In den vergangenen Jahren haben mehrere französische Präsidentschaftskandidaten und Präsidenten versprochen, die Afrikapolitik zu verändern: Weg vom Hegemonial-Verhalten hin zu einem Verhältnis auf Augenhöhe. Umgekehrt plädieren Afrikas Mächtige gerne für mehr Eigenständigkeit gegenüber der Ex-Kolonialmacht. Viel passiert ist allerdings nicht.

Von Jens Borchers |
    Kakaofarm in der Nähe des Nationalparks Tai in der Elfenbeinküste
    Uran aus Niger und Gabun, Kakao von der Elfenbeinküste - es gibt immer noch viele Verbindungen zwischen Paris un den ehemaligen Kolonien. (imago/epd)
    Tiken Jah Fakoly ist einer der einflussreichsten Musiker Westafrikas. Und er hat eine klare Meinung zur Rolle Frankreichs auf dem Kontinent: Frankreich reiße Witze über Afrika, singt Tiken Jah sinngemäß. Und Frankreich töte Afrikaner, stehle die Rohstoffe und liefere Waffen, damit die Bürgerkriege nicht aufhören.
    Frankreichs offizielle Position zu seiner Afrikapolitik klingt in den Worten von Präsident François Hollande so:
    "Frankreich interveniert nicht in Afrika, um eigene Interessen zu verfolgen. Auch nicht, um die politischen Regeln oder einzelne Regierungen zu verändern. Frankreich unterstützt Afrika, weil wir glauben, dass es großes Potenzial hat."

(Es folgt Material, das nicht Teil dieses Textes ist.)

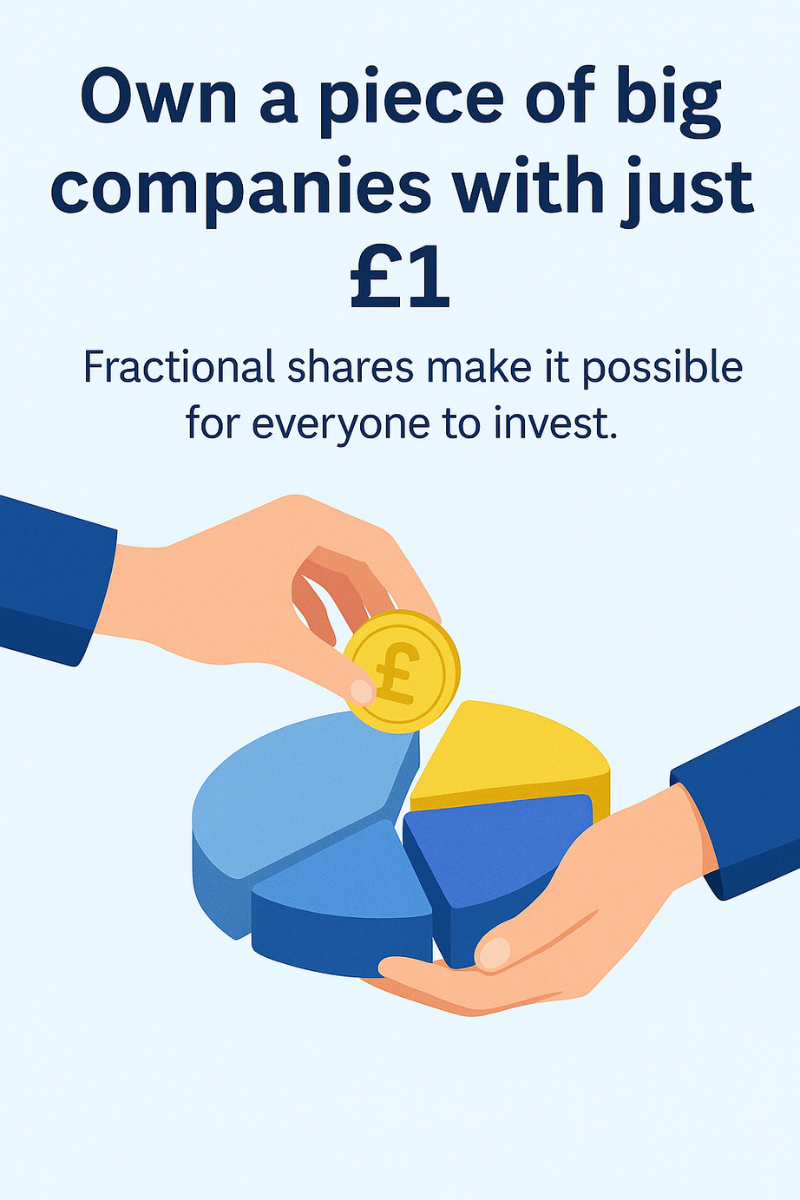 Illustration of hands placing a pound coin into slices of a pie chart, representing the concept of fractional share investing on Trading 212.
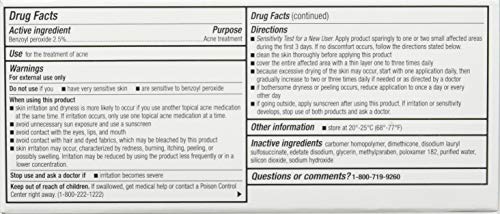Perrigo benzoyl peroxide acne gel packaging display with 60 g tube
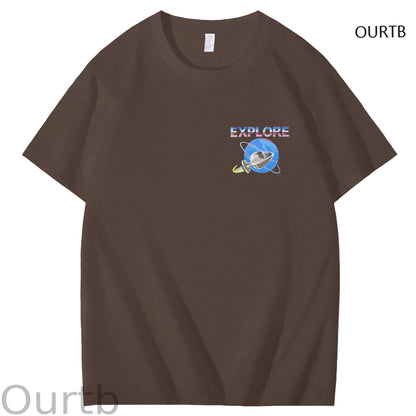 Explore Uranus Funny Adult Art Pattern Print T-Shirt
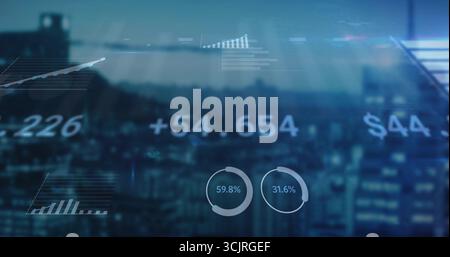 Displaying financial dashboard overlay over dusk skyline, with translucent charts and metrics Stock Photo
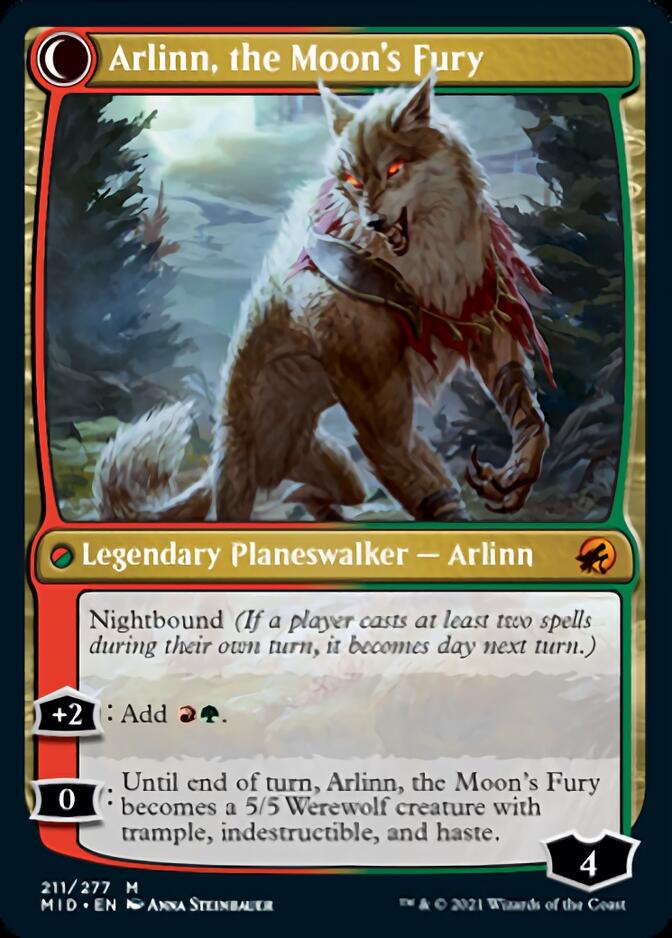 {R} Arlinn, the Pack's Hope // Arlinn, the Moon's Fury [Innistrad: Midnight Hunt][MID 211]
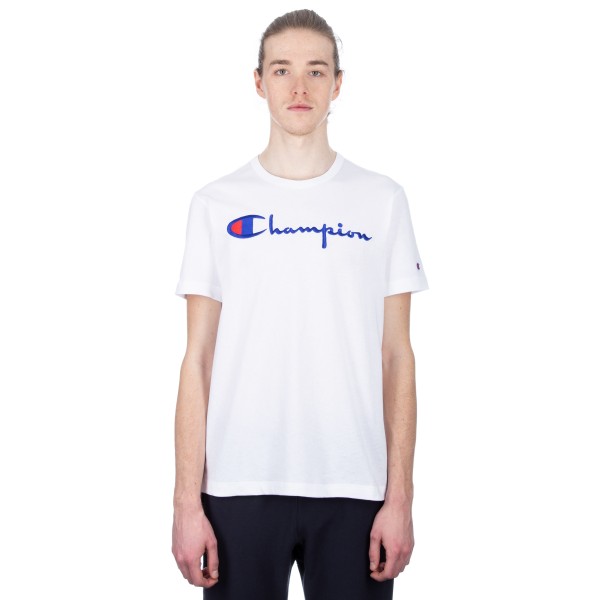 Champion Reverse Weave Script Applique Crew Neck T-Shirt (White)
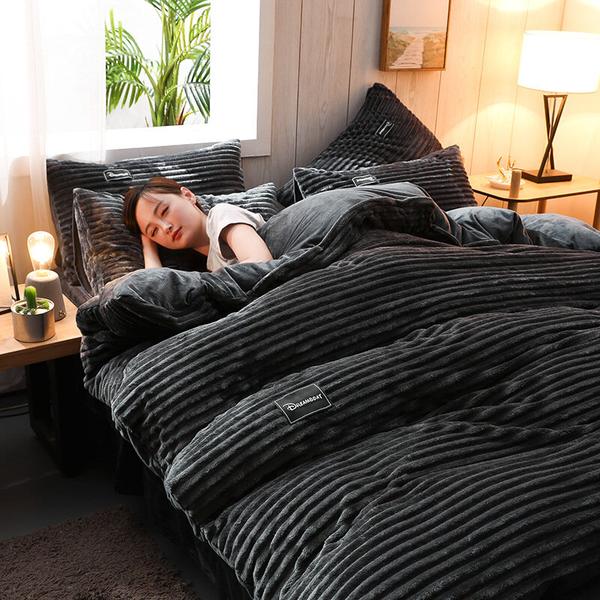Plush Corduroy Velvet Winter Bedding Set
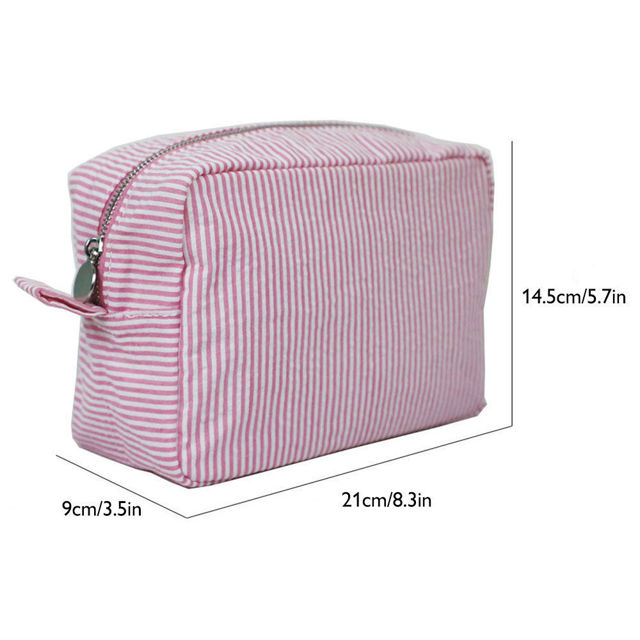 Picture of Personalized embroidered striped cosmetic bag - customized seersucker storage cosmetic bag - personalized travel business trip portable storage bag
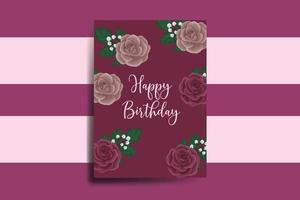 saluto carta compleanno carta digitale acquerello mano disegnato marrone rosa fiore design modello vettore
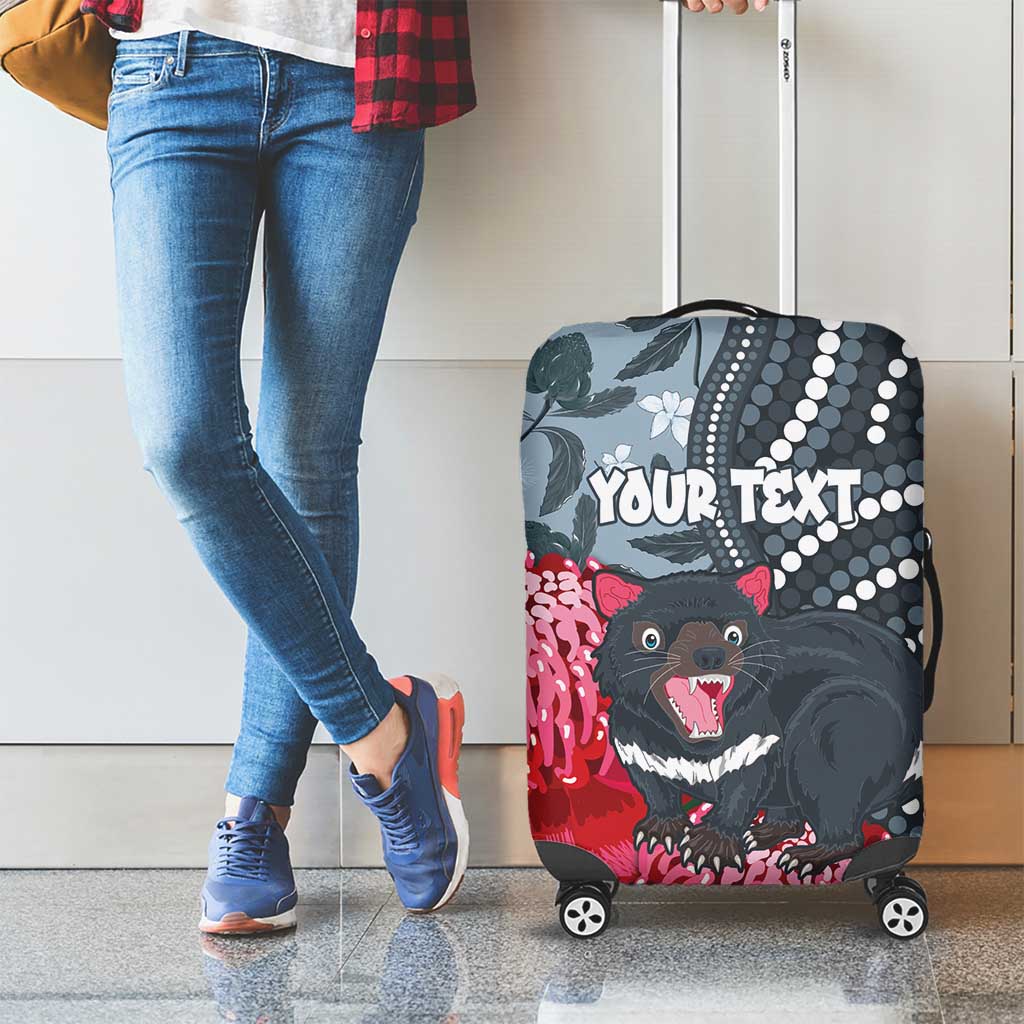 Personalised Tasmanian Devil Australia Luggage Cover Waratah Indigenous Art - Aussie Hoodie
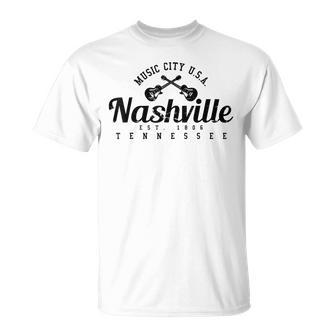 Nashville Guitar Tennessee Country Music City Gift Souvenir Unisex T-Shirt | Mazezy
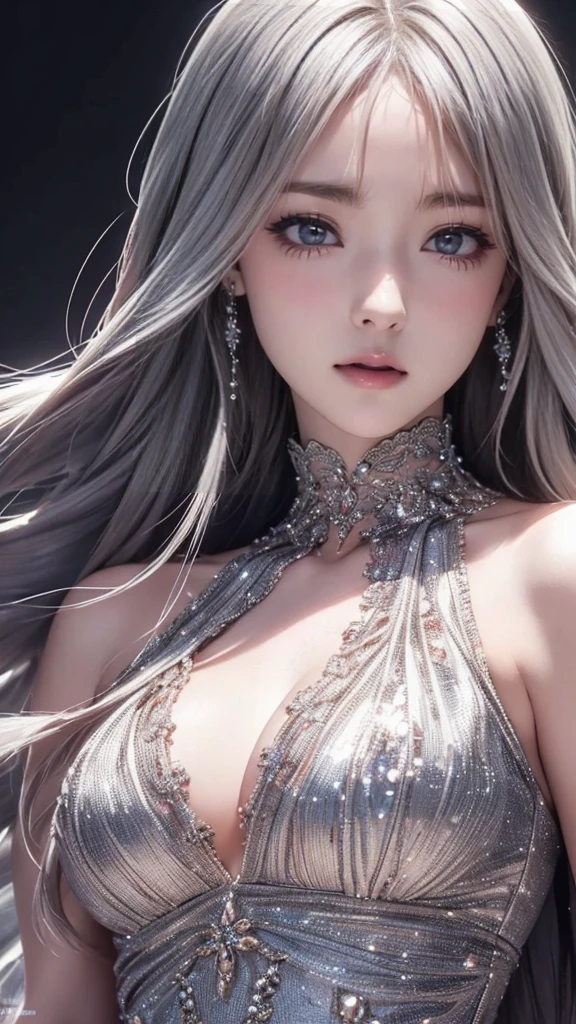 photorealistic, high resolution, 1 woman, solo, hips up, beautiful eyes, white hair, long hair, huge breast, bracelets,elegant necklace, elegant diamond earrings, stlouis, blue dress, revealing clothes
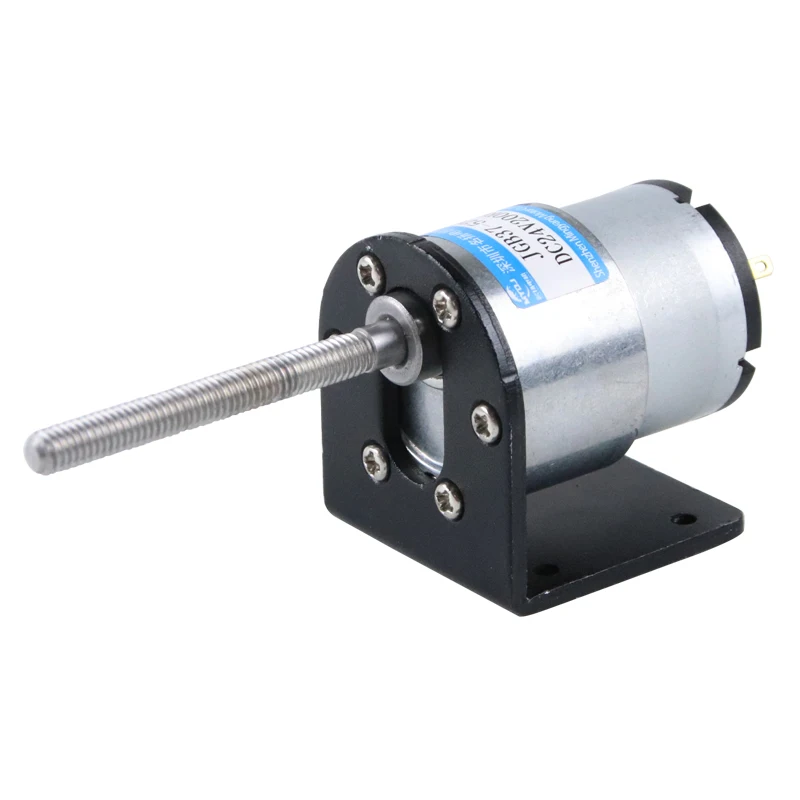 Motor de engranaje de CC, 6V, 12V, 24V, tornillo roscado M6, eje largo 37-520, Motor regulador de baja velocidad pequeño + soporte + brida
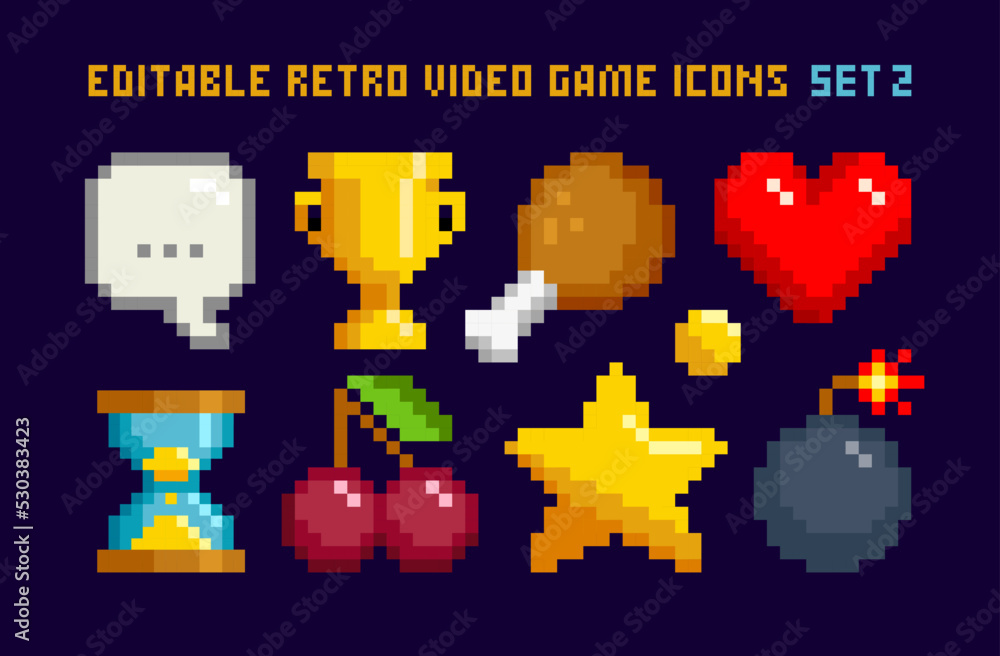 Poster 8-bt game pixel objects set 2 - editable vector. retro game loot icons in 8 bit style. pixel graphic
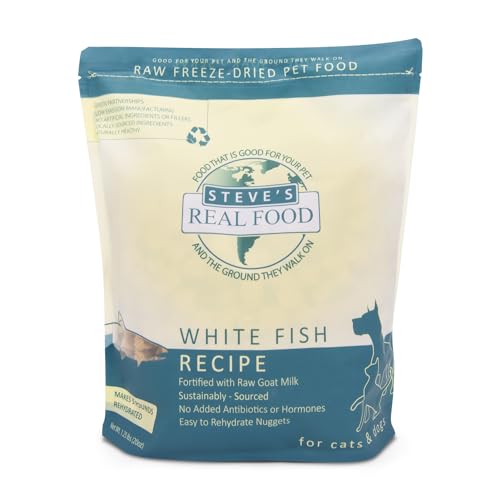 Steve’s Actual Meals Freeze-Dried Uncooked Meals Weight loss plan for Canines and Cats, White Fish Recipe, 1.25 lbs in every bag, Made in The USA, Pour and Serve Nuggets, Sustainably Sourced Steve’s Actual Meals Freeze-Dried Uncooked Meals Weight loss plan for Canines and Cats, White Fish Recipe, 1.25 lbs in every bag, Made in The USA, Pour and Serve Nuggets, Sustainably Sourced
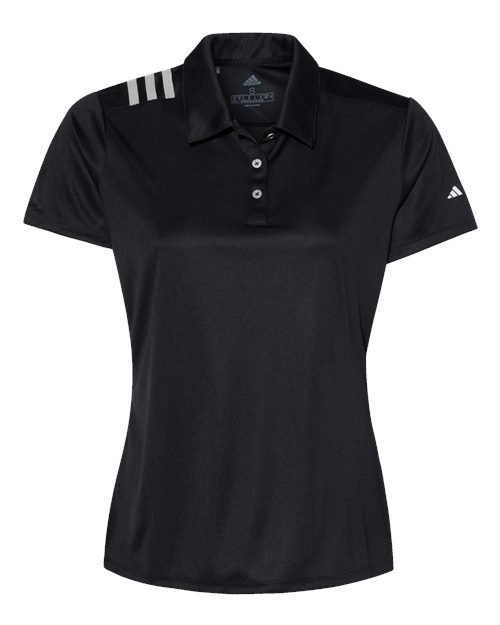Women’s 3-Stripes Shoulder Polo — Black/ White (front)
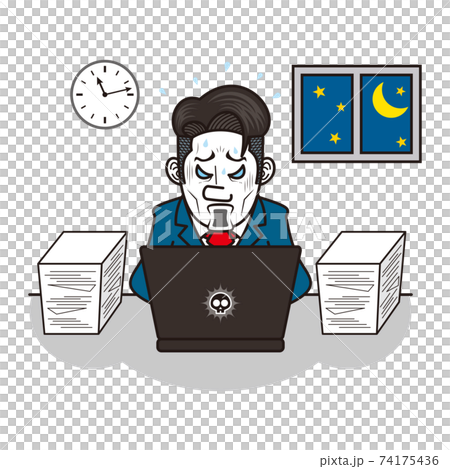 サービス残業で疲弊するビジネスマン サービス残業で疲弊するビジネスマン 74175436
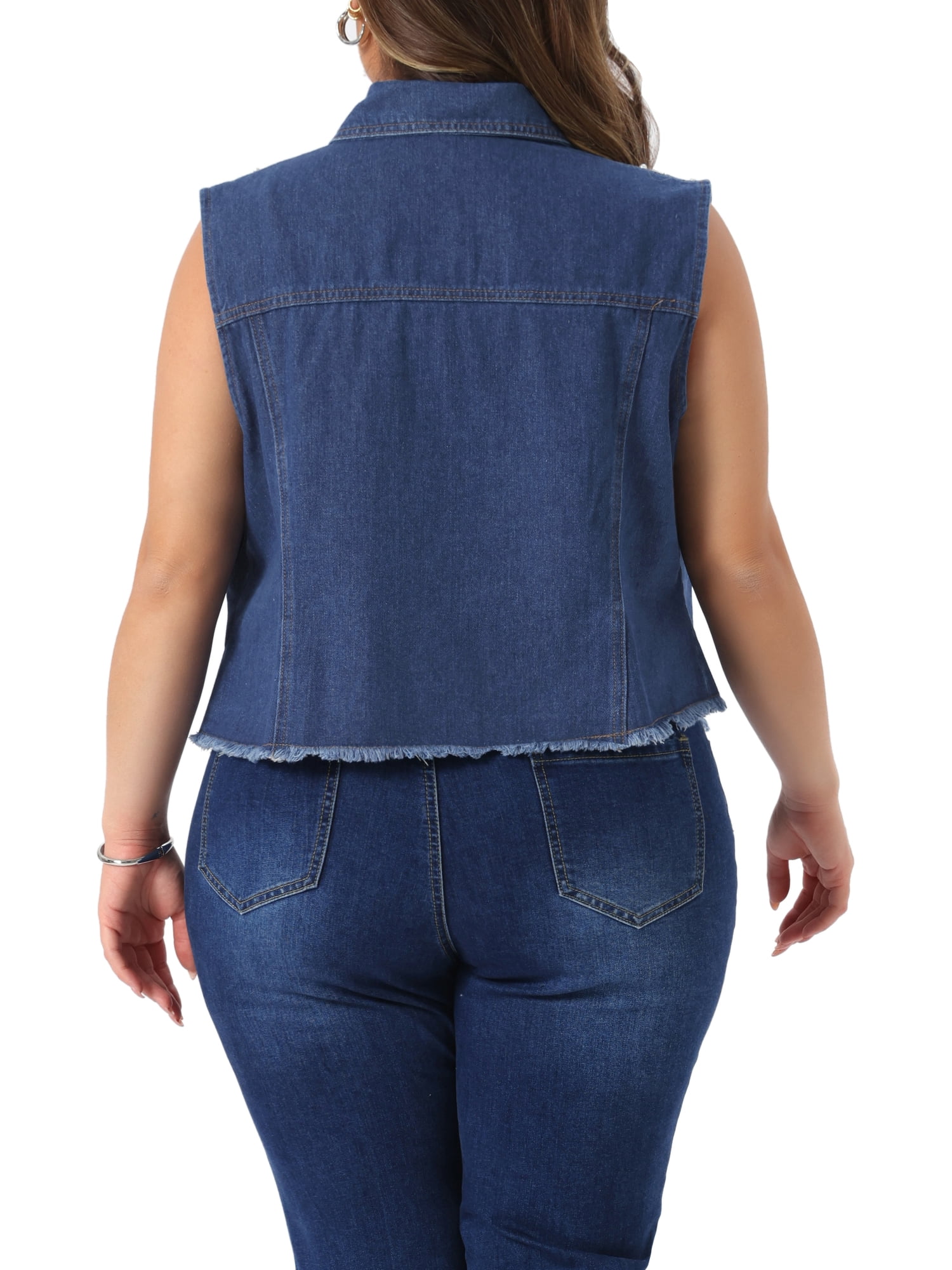 DARING DIVA Women's Plus Size Embroidered Pearl Frayed Denim Vest 2X Blue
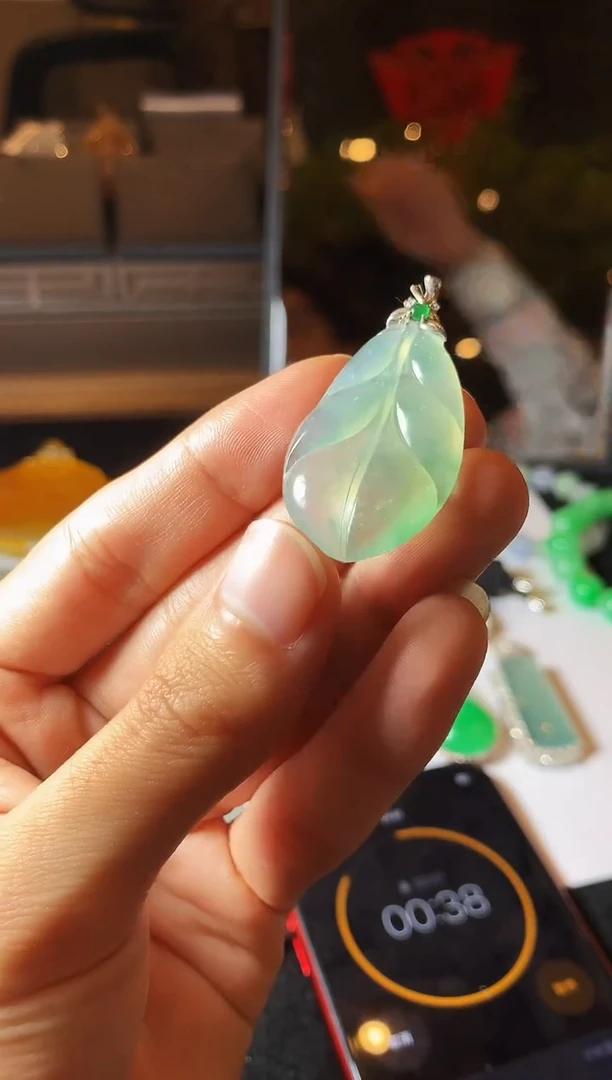 18K金镶嵌定制翡翠沙**壹5084-叶子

    Frankreich hat nie die eigenen Interessen aus den Augen verloren
    Frankreich ist vor allem in seinen ehemaligen afrikanischen Kolonien präsent. Die "Grande Nation" hat beim oft schmerzhaften Prozess der Entkolonialisierung in den 60er- und 70er-Jahren nie die eigenen Interessen aus dem Auge verloren: Französisch blieb als Sprache Pflicht. Und auch heute noch existieren zwei Währungsverbünde mit insgesamt 15 afrikanischen Staaten. Deren Reserven liegen bei der französischen Zentralbank. Wem die gemeinsame Währung des Franc-CFA mehr Vorteile bietet – Frankreich oder den afrikanischen Staaten – ist ziemlich umstritten.
    Und Frankreichs Konzerne sind massiv präsent in den Ex-Kolonien: die Baufirma Bolloré, der Erdöl-Riese Total oder der Telekomm-Konzern Orange. Stefan Brüning, der sich bei der Deutschen Gesellschaft für Auswärtige Politik mit der französischen Afrika-Politik befasst, sagt dennoch über den Einfluss der Franzosen:
    "Ich glaube, er ist tendenziell eher zurückgegangen. Aber es gibt nach wie vor ausgeprägte, klientelistisch organisierte Verbindungen zwischen Paris und den ehemaligen Kolonien."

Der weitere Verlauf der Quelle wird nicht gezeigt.